Nothing can compare with the luxurious softness, warmth and attractive halo of angora yarn. But can these lovely attributes translate into the medium of felt? After several disastrous trials, where a beautiful fluffy angora batt becomes a hard, thick, ugly piece of felt barely fit for boot soles, many give up in disgust. It may seem easier and more predictable just to spin, knit, crochet and weave with your wonderful fiber, rather than risk wrecking it all in a felting experiment. But don’t give up! There are good reasons to felt with angora, and with a few tricks, you can end up with a product worthy of this valuable fiber.

FELTING IS FAST! Whereas the process of spinning and then knitting (or crocheting, or weaving) a finished item may take days to accomplish, a finished felted piece can be produced in a couple of hours. True, it can take some very hard work to produce that felted item, but the short amount of time this procedure takes really appeals to the impatient soul. And for those of us who are running a fiber business, time is money. I can afford to sell a pair of felted mittens for less than a knitted pair, since I have much less time invested in the felt.

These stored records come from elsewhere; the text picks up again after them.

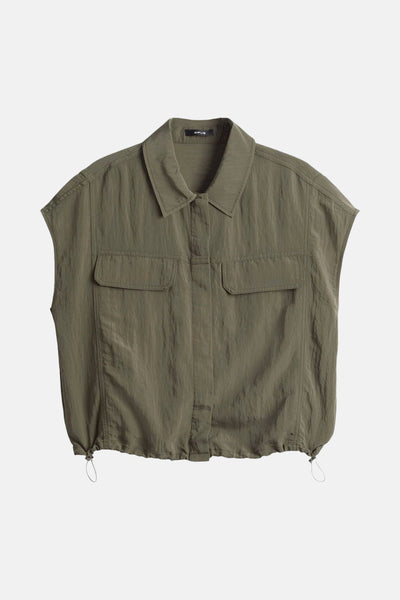 Chemise kaki à manches courtes par OPUS, avec poches poitrine et cordon de serrage à la base.
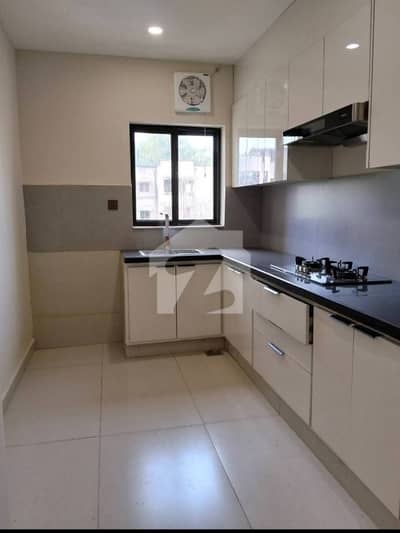 01 BEDROOM LUXURY UNFURNISHED APARTMENT AVAILABLE FOR RENT AT GULBERG GREEN ISLAMABAD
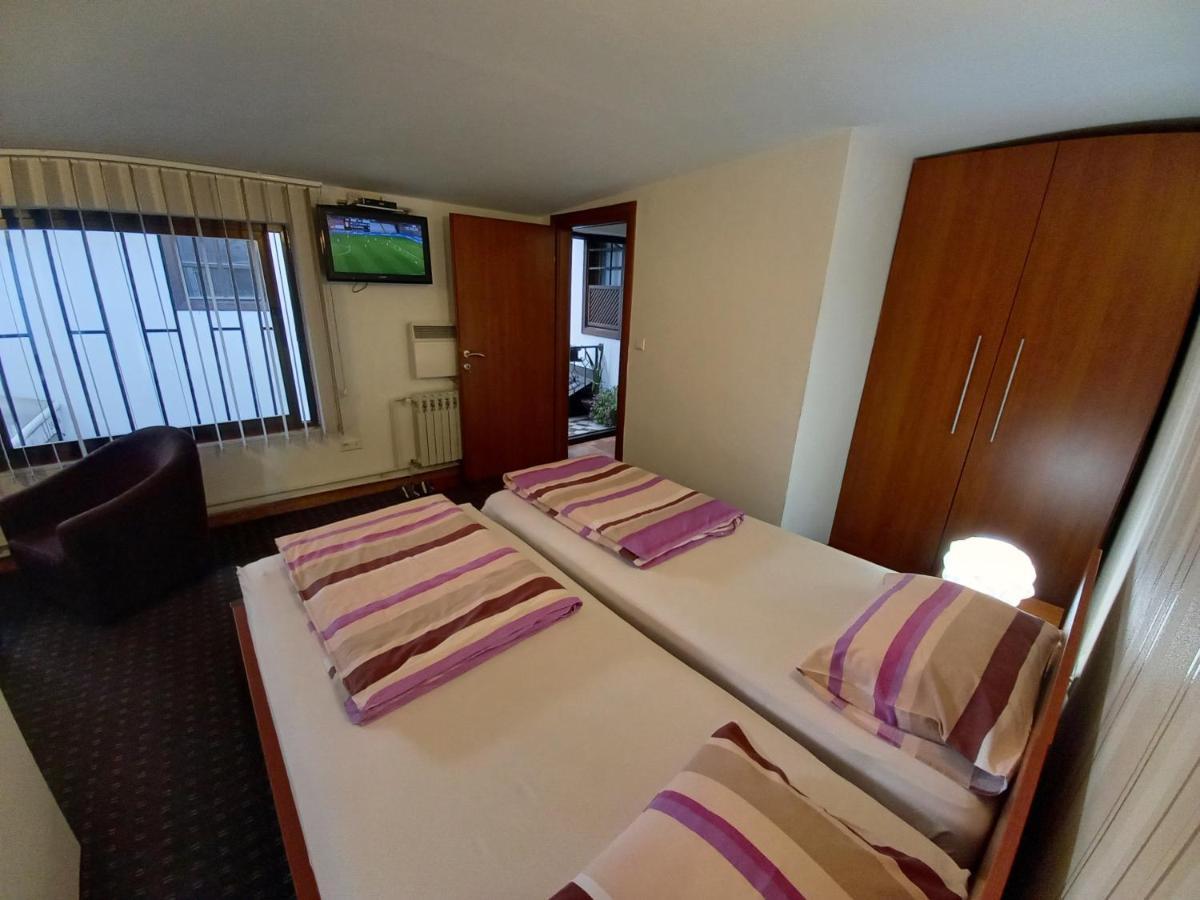 Prenociste Zan Hotel Szarajevó Kültér fotó
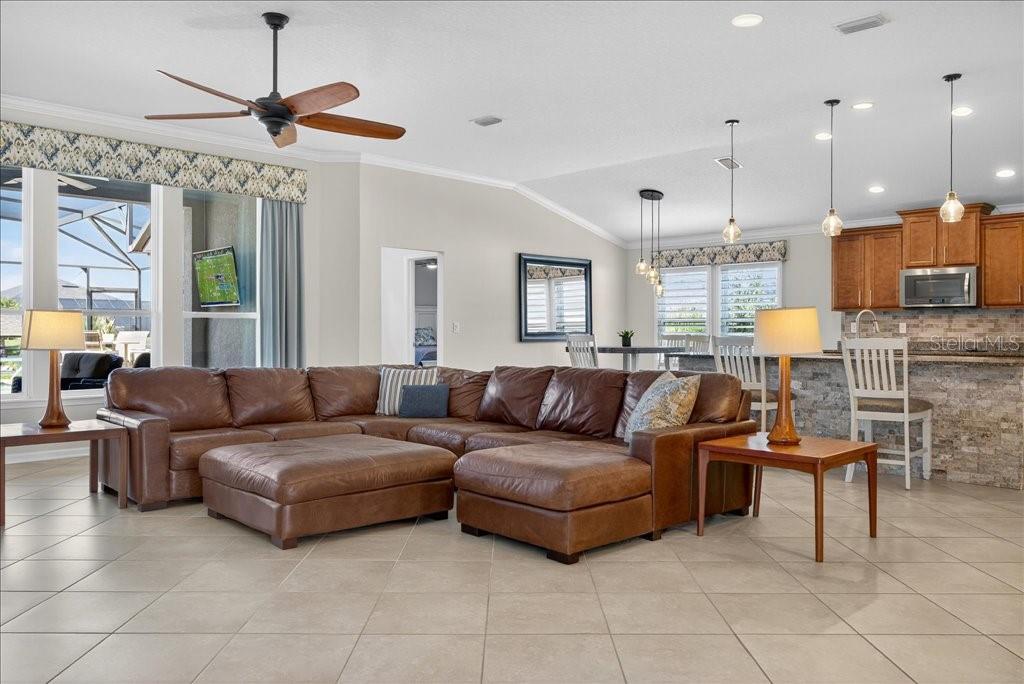 Image 10 of 56 For 50 Country Club Harbor Circle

FELTING CAN MAKE USE OF SECOND GRADE FIBER! I’m sure you can find plenty of uses for your first grade angora (over 2-1/2 inches in length), but how about those bags of 1-2 inch fiber? Yes, you can blend shorter angora with sheep’s wool and come out with some soft batts that will make great yarn, but if you want something special, and pure angora, felt is a good use for this fiber. Just one caveat: that old saying “Junk in, junk out” applies just as well to felting as it does to spinning. If you use a mass of matts and very short fibers in felting, you will end up with a bumpy, shedding piece of felt.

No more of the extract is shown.